85,000 Venezuelan Refugees Fled to Brazil, Many of Them Children

Fleeing poverty and hunger, at least 1,000 Venezuelan children arrived at Brazil’s main entry point unaccompanied by parents or without proper documents in the last five months, according to an official report.

Some 52 percent of those who arrived at the border city of Paracaima, in the state of Roraima, were without proper documents and the rest were without parents, the report authored by the Federal Public Defenders Office said.

Lack of documentation leads to poor access to healthcare and other services in Brazil, while children traveling without parents are at a greater risk of human trafficking, experts said.

Facing a financial and humanitarian crisis, about one in every 10 people in Venezuela has fled the country in the past three years. About 85,000 are in Brazil, a number that is expected to grow in 2019.

“They arrive in a state of extreme vulnerability,” said Roberta Alvim, a federal public defender working in the border region.

The public defenders’ office has been assisting Venezuelan migrants in Brazil since December 2016 when it averted a mass deportation of 450 Venezuelans by Brazilian authorities.

They have also been registering the children as refugees, which grants them legal status in the country.

According to the report, children without their parents are most often accompanied by their grandmothers, aunts or sisters.

To avoid children being trafficked into the country, Brazilian authorities have a set of protocols in place that include interviewing the adults and children to ensure they are related.

“Usually, they are taking the child to be reunited with their parents that went before they did and are already established in Brazil,” said Alvim.

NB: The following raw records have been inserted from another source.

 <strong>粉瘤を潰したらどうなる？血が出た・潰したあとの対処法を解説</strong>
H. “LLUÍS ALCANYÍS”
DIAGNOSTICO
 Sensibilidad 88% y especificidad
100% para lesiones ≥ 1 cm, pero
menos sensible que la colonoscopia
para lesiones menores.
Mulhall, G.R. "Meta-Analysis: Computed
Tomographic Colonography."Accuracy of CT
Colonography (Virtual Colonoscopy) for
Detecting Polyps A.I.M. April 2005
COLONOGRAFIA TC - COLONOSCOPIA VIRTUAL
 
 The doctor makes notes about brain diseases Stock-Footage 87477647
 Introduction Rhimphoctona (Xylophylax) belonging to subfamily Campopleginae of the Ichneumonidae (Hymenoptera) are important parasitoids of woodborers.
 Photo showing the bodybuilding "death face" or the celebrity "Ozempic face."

About 5 percent of the children mentioned in the report arrived completely alone.

“The number in the report is expressive, but more worrying than that is if the kid is unaccompanied and under 15,” said João Carlos Jarochinski, the coordinator of an international relations course at the Federal University of Roraima.

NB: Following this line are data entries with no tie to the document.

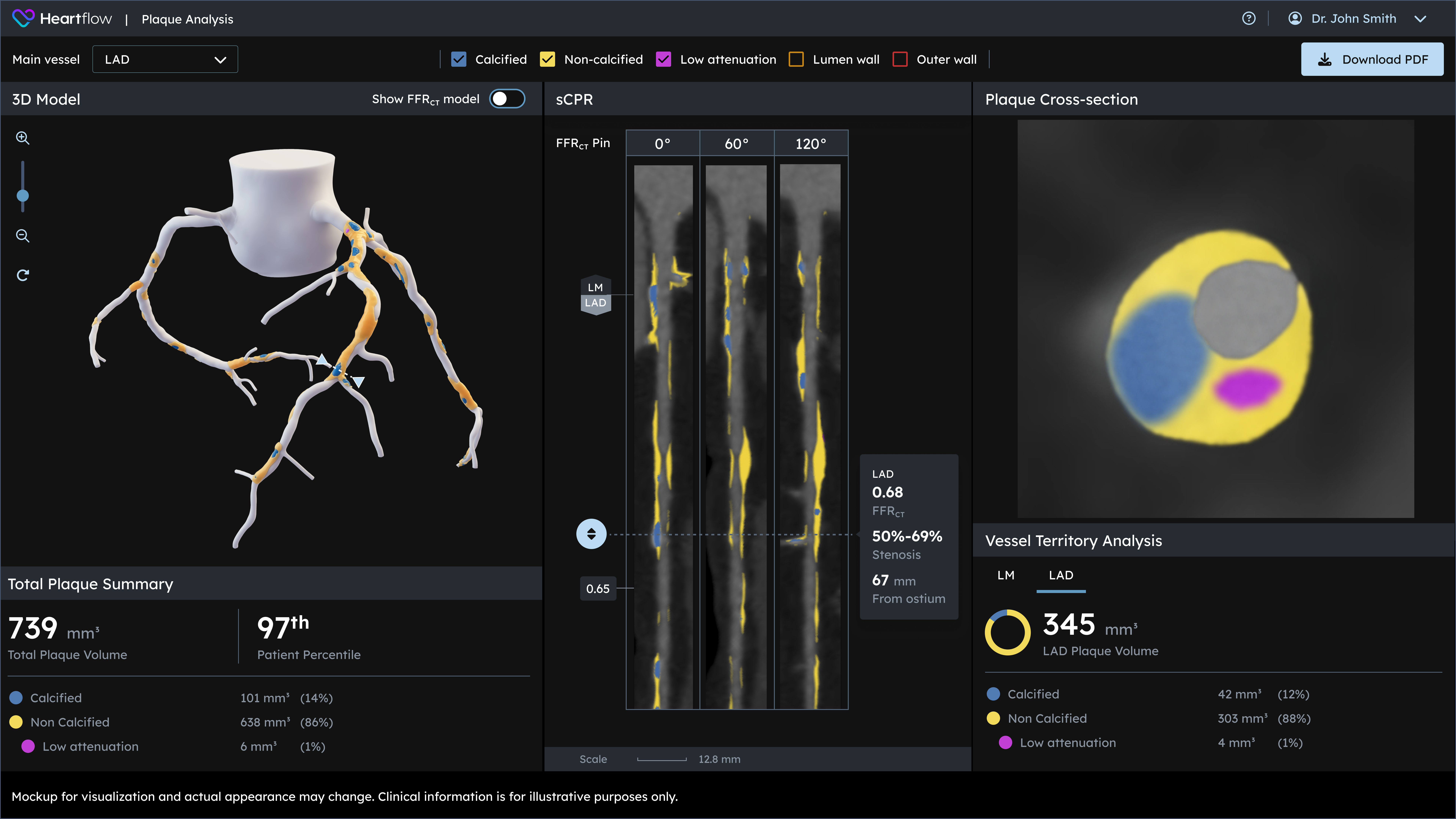 Heartflow Plaque Analysis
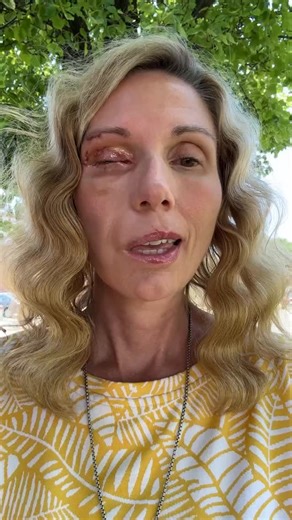 Jodi Orgill Brown on Instagram: "Today, I did something that felt small… but was actually huge. After my 25th surgery, I stepped back into the world—blind and paralyzed on one side, and more visible than I’d like. But I showed up anyway. Not because I’m fully healed. But because healing IS the showing up. And today, I started building a new normal. --> If you’re navigating change, pain, or uncertainty—this video is for you. You don’t have to go back to how things were. You can become something e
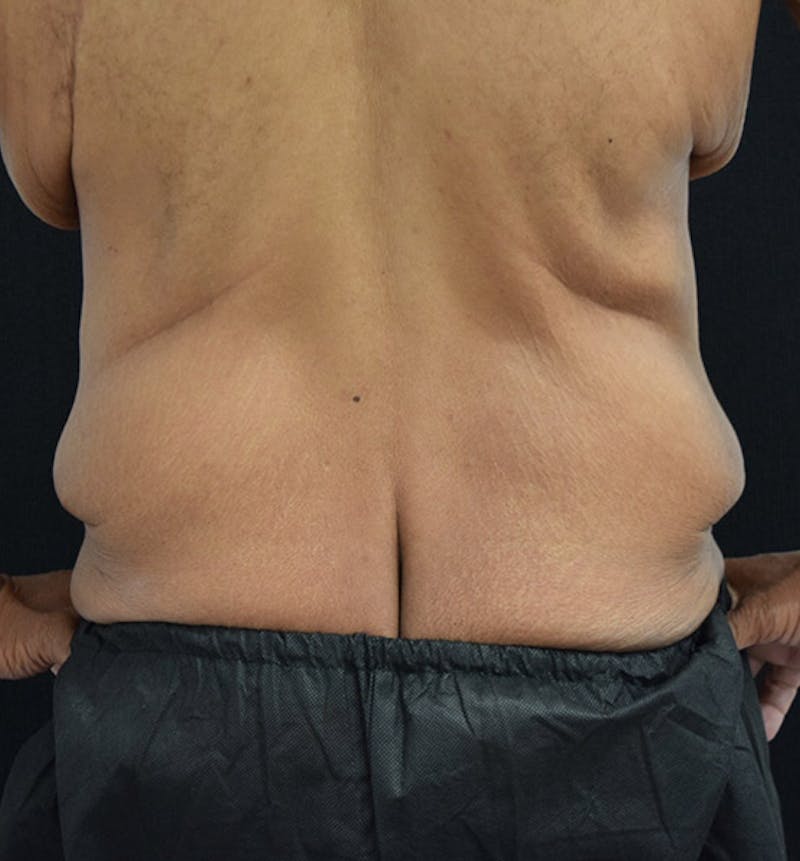 Male Lower Body Lift Before & After Gallery - Patient 148037521 - Image 9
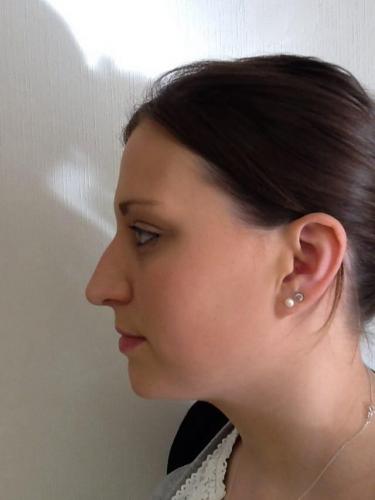 best rhinoplasty surgeon uk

“Then it becomes a hunt for their parents.”

In case relatives are not found, children under 15 are put in group homes or with foster parents in Brazil. If the child is over 15, they can sometimes be emancipated, said Jarochinski.

Photo identification is required to enter Brazil, but in Venezuela, children under nine don’t have access to documents with pictures, just their birth certificates. About 15 percent of the children in the report arrived without even that.

“Recently, we were informed that there is no paper for birth certificates to be printed on, so many children and teenagers carry only a declaration ensuring they were born alive, issued by hospitals,” said the report.

“Since they have no documents at all, children aged 10 or 12 are being put in classes for first graders,” who are usually 6 years old, said Jarochinski.